The ones in question are 5 slaves out of 18 slaves. I attached two of the logs since they all have the same error, which is:
" 2012-06-09 06:21:13: Scheduler Thread - Cancelling task because task filename “\server\Dead Line\jobs\999_100_999_1311ad30\tasks\999_100_999_1311ad30_00014_300-309.Rendering.Farm4” could not be found, it was likely requeued
2012-06-09 06:21:13: sending cancel task command to plugin"
Also for an all in all 18 slave farm including user machines, is it necessary to activate Pulse? keeping in mind that rarely all user and farms machines are rendering in the same time.
Slave_Logs.zip (1.99 MB)
Can you post a few stalled slave reports from the jobs that this problem occurred for? We can look to see why they are getting marked as stalled.

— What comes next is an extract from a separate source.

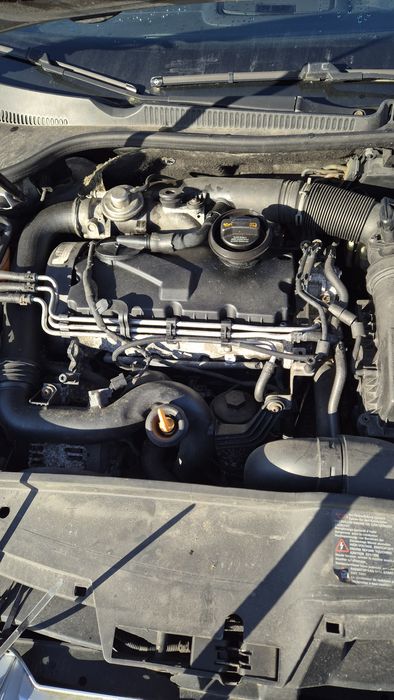Vând motor vw BXE 1.9 105 CP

One thing to check is that all of your machines date/times are in sync (including time zones). If they are not, this can cause false positives for stalled slave detection. The stalled slave reports can help confirm if this is the case or not, because if it is, the amount of time the slave has been “stalled” for is almost exactly X hours, where X is the time difference.

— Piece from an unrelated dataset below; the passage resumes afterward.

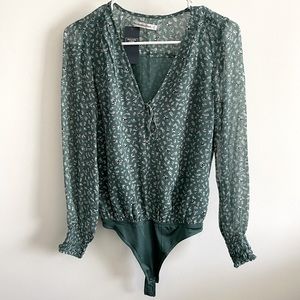 Abercrombie A&F green long sleeve floral bodysuit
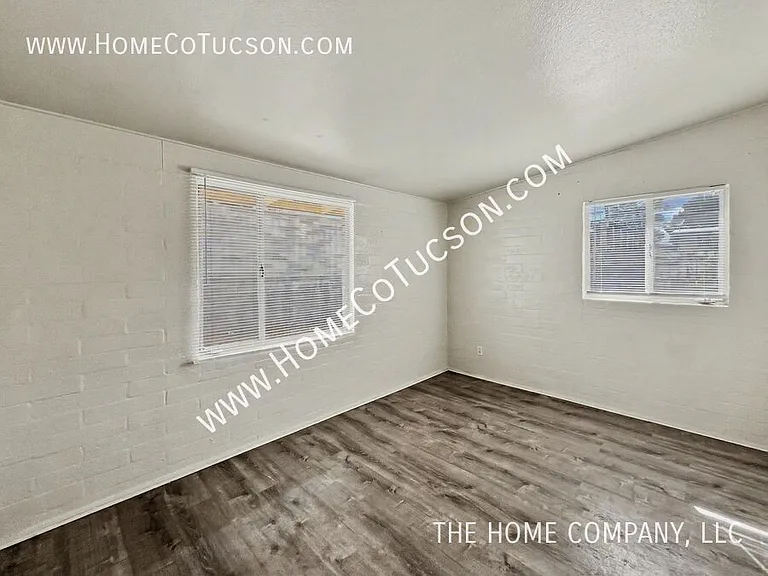 118 W 5th Ave — Photo 16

We are working on fixing this for Deadline 6, so that stalled times aren’t affected by machines with different date/times.
Cheers,
Interesting… Will check this and get back to you.
Thanks
I checked all the machines and their date/time settings are all good and synced.

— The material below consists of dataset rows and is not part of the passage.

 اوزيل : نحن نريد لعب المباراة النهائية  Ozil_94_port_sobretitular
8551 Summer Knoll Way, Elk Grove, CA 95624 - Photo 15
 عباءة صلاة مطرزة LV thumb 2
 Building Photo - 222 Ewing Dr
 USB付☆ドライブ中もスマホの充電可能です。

I attached some of the log files, please check them.
After i enabled Local rendering, the stalled error is now minimized to 2 farms.
But over all the stalled error for all the farms comes from this happening :
Cancelling task because task filename “\server\Dead Line\jobs\999_100_999_71ae831c\tasks\999_100_999_71ae831c_00005_655-655.Rendering.Farm1” could not be found, it was likely requeued
2012-06-13 16:06:29: sending cancel task command to plugin
//server/ is where the repository lives for us.
Slave_Logs.zip (108 KB)
That’s interesting. It sounds like you might be having a network load problem. By enabling local rendering, that would have greatly reduced the impact on your network because now the rendered images are only sent over the network when they’re finished, rather than being written on the fly over the network.
This issue you’re seeing can occur when network load prevents the slave from being able to access it’s current task file on the repository. We have made improvements to this system in 5.1, and I noticed you are running 5.0, so upgrading will likely help here. If it doesn’t, at least more verbose information is printed out when the problem occurs.
I should also mention that this problem should no longer be an issue in Deadline 6, which we’re working on internally. We’re changing the way slaves keep track of their tasks.
Cheers,